(Collection entries)
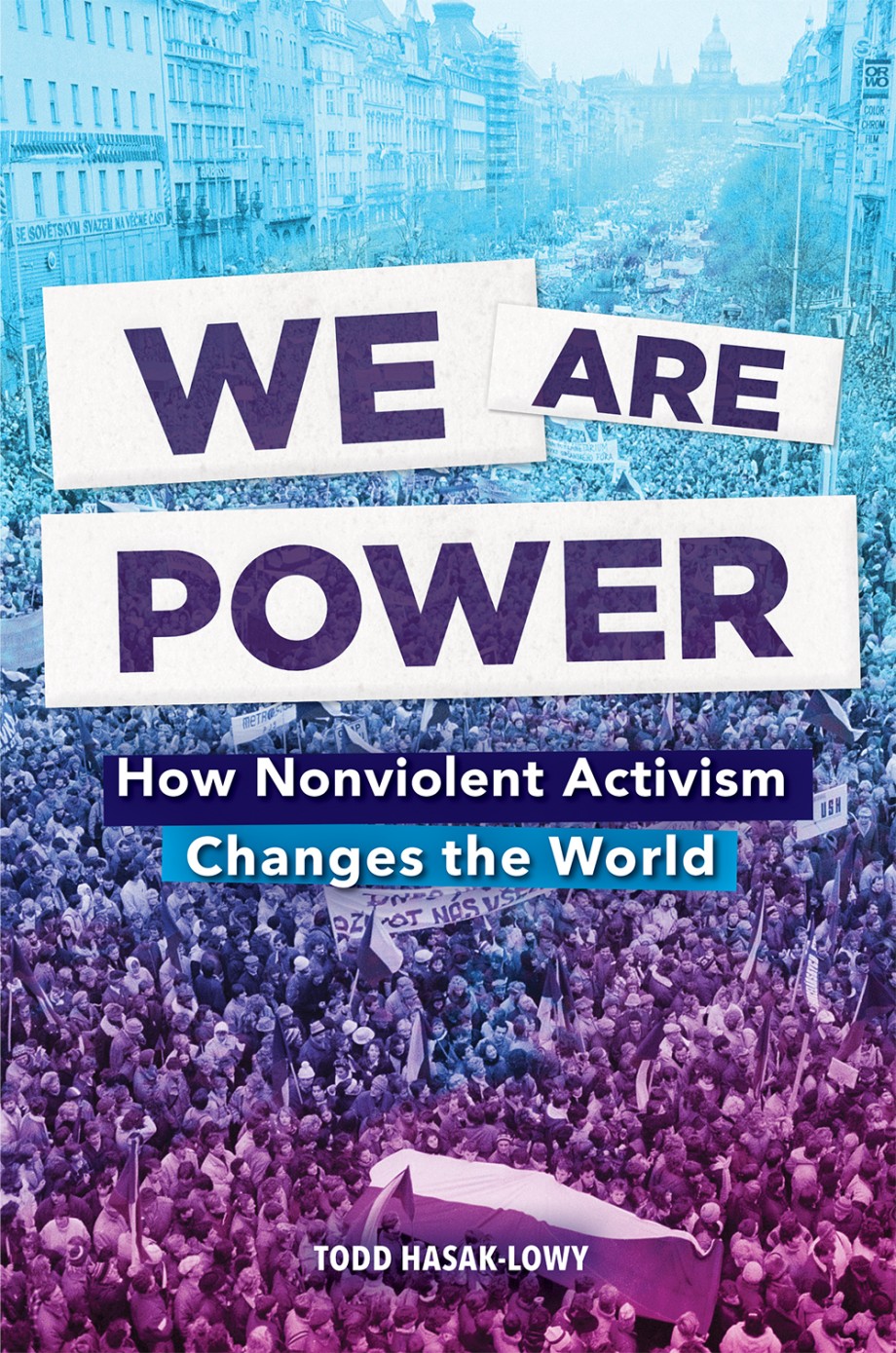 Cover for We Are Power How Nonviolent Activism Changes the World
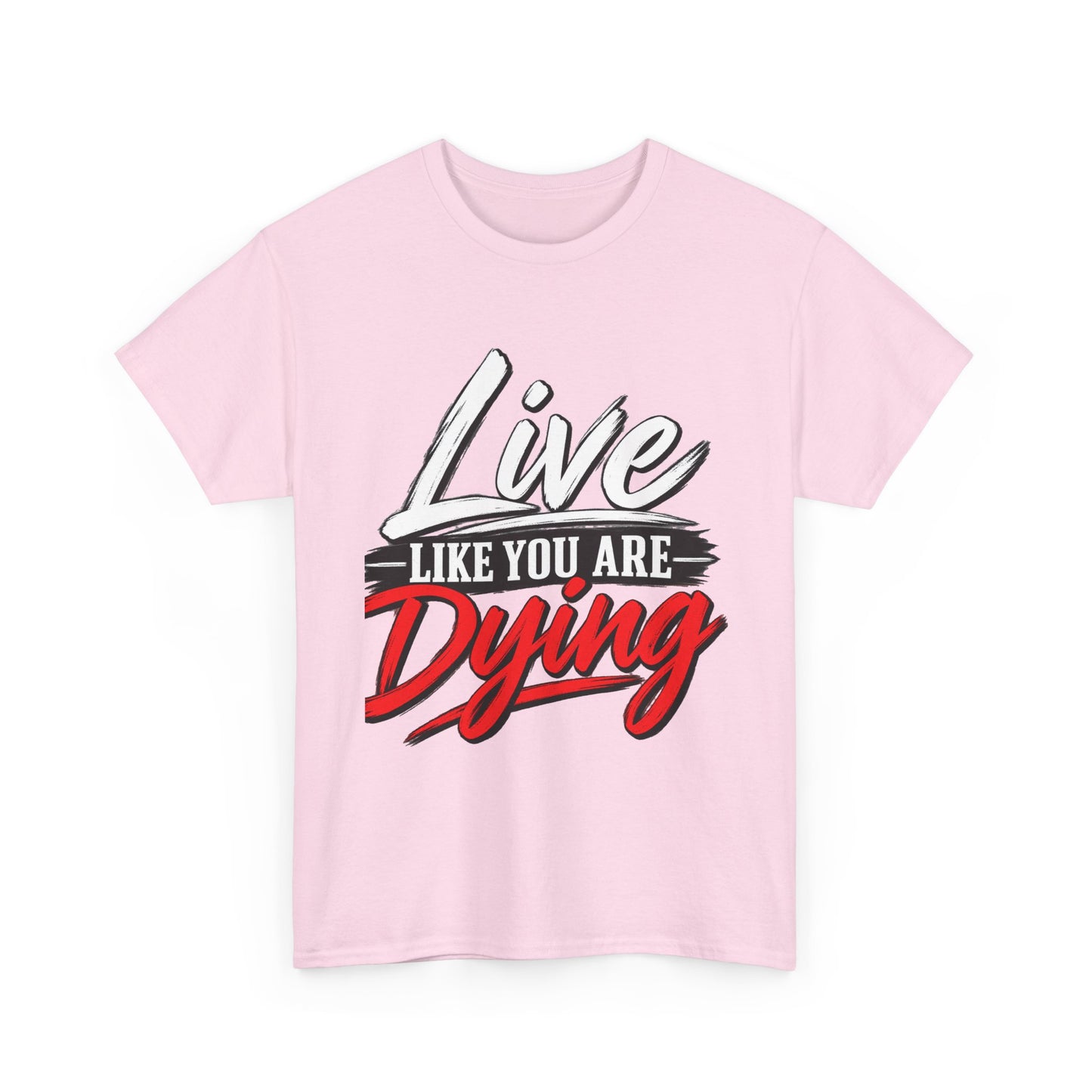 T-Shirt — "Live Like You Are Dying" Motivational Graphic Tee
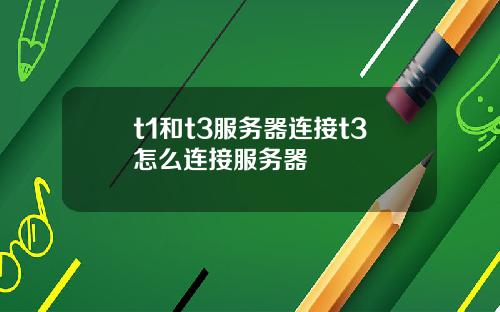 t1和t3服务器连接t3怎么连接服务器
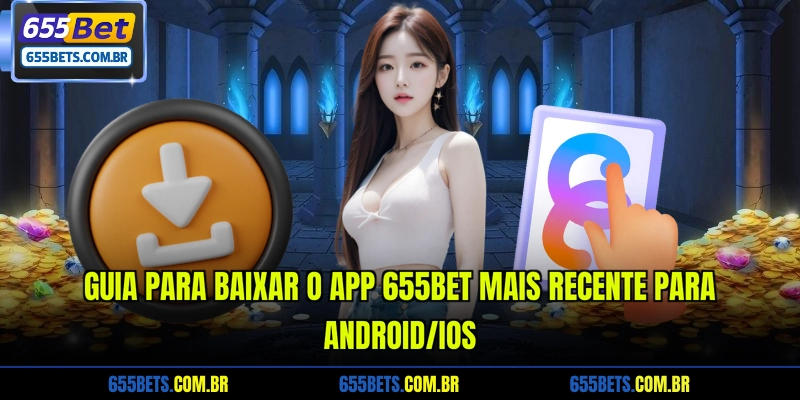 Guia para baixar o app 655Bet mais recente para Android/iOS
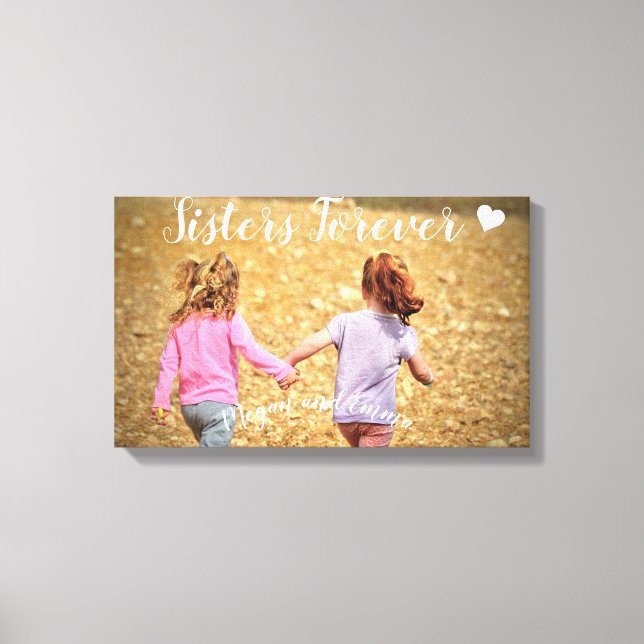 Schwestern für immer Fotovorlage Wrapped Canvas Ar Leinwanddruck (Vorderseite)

** Exercise instructions **
Locate the line containing "Motivational Graphic Tee" in the records above, then output it and every line after it through the last, excluding pictures.

** Solved problem **
 T-Shirt — "Live Like You Are Dying" Motivational Graphic Tee
 t1和t3服务器连接t3怎么连接服务器
 Guia para baixar o app 655Bet mais recente para Android/iOS
 Schwestern für immer Fotovorlage Wrapped Canvas Ar Leinwanddruck (Vorderseite)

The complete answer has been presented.